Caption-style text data

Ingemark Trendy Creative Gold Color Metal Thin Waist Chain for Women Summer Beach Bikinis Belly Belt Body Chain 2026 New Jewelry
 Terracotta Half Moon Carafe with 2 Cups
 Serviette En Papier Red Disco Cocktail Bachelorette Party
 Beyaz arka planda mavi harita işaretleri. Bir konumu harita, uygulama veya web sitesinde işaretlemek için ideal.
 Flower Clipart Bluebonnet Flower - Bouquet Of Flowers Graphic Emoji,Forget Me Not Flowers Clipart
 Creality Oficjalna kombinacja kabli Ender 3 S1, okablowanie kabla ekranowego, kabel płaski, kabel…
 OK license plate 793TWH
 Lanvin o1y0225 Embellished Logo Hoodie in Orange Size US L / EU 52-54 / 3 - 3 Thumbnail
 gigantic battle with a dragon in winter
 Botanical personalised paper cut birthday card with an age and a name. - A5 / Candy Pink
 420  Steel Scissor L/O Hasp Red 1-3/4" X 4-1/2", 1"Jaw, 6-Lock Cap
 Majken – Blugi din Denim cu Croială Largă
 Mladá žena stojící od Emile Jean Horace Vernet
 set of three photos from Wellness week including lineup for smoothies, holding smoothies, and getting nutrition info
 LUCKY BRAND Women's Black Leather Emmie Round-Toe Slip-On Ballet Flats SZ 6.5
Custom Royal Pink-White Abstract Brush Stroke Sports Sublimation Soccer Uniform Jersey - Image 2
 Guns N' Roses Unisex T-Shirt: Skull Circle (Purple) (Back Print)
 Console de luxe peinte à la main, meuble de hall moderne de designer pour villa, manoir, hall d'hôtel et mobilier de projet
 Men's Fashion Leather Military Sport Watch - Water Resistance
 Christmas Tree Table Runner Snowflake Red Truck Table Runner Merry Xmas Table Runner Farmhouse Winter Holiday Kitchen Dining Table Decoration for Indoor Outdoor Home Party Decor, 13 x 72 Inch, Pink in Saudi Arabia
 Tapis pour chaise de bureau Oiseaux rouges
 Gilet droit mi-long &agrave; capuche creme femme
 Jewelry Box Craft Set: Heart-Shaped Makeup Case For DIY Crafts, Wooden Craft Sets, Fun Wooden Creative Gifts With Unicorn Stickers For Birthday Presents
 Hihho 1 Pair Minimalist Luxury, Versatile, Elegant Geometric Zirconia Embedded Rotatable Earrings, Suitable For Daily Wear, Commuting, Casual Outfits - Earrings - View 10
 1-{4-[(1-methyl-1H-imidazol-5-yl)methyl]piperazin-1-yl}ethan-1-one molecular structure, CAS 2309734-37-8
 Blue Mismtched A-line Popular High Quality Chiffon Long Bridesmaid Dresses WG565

### Task prompt
From the records above, retype only the lines starting at the line that contains "Guns N' Roses" and ending at the line that contains "Men's Fashion Leather", both included.

### Response
 Guns N' Roses Unisex T-Shirt: Skull Circle (Purple) (Back Print)
 Console de luxe peinte à la main, meuble de hall moderne de designer pour villa, manoir, hall d'hôtel et mobilier de projet
 Men's Fashion Leather Military Sport Watch - Water Resistance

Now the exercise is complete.